🤖 AI Summary
This work addresses the critical need for targeted unlearning of undesirable capabilities—such as encoding harmful knowledge and generating toxic text—that large language models acquire during pretraining. The study is the first to systematically distinguish forgetting objectives across distinct linguistic functionalities and proposes tailored unlearning strategies accordingly: a cosine-similarity-based meta-learning variant of RMU for hazardous knowledge, and a multi-layer probe-guided optimization approach for toxic content. Experiments on four open-source 7–8B parameter models demonstrate significant forgetting efficacy for both task types, substantiating the necessity and effectiveness of designing unlearning methods aligned with specific linguistic functions. This advances model unlearning from isolated tasks toward a problem-family paradigm.
📝 Abstract
Large language models (LLMs) learn undesirable properties during pretraining, including dangerous knowledge and toxic text generation.
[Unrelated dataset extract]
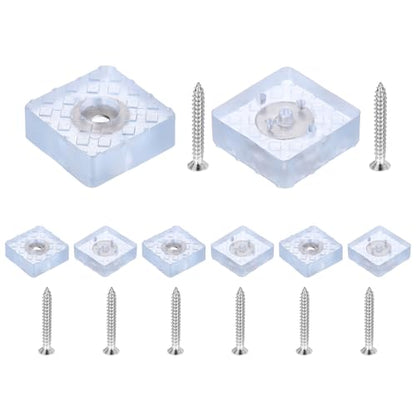 uxcell 8pcs Screw-On Furniture Pads,Large Square PVC,1.18" Wx0.43 H,Clear - color: Clear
Just as post-training uses different objectives to shape different behaviors, we argue that unlearning methods should be designed for the language function at issue. To study this, we consider two mechanistically distinct unlearning goals, dangerous-knowledge unlearning and toxicity unlearning. For dangerous knowledge, we introduce a cosine-based, meta-learned variant of RMU. For toxicity, we propose a multi-layer objective based on layer-specific probe directions. Across four open-source 7-8B models, our methods achieve strong results, based on distinct training objectives for the two types of unlearning. Overall, our results suggest that unlearning should be studied as a family of problems, analogous to the multiple types of LLM post-training.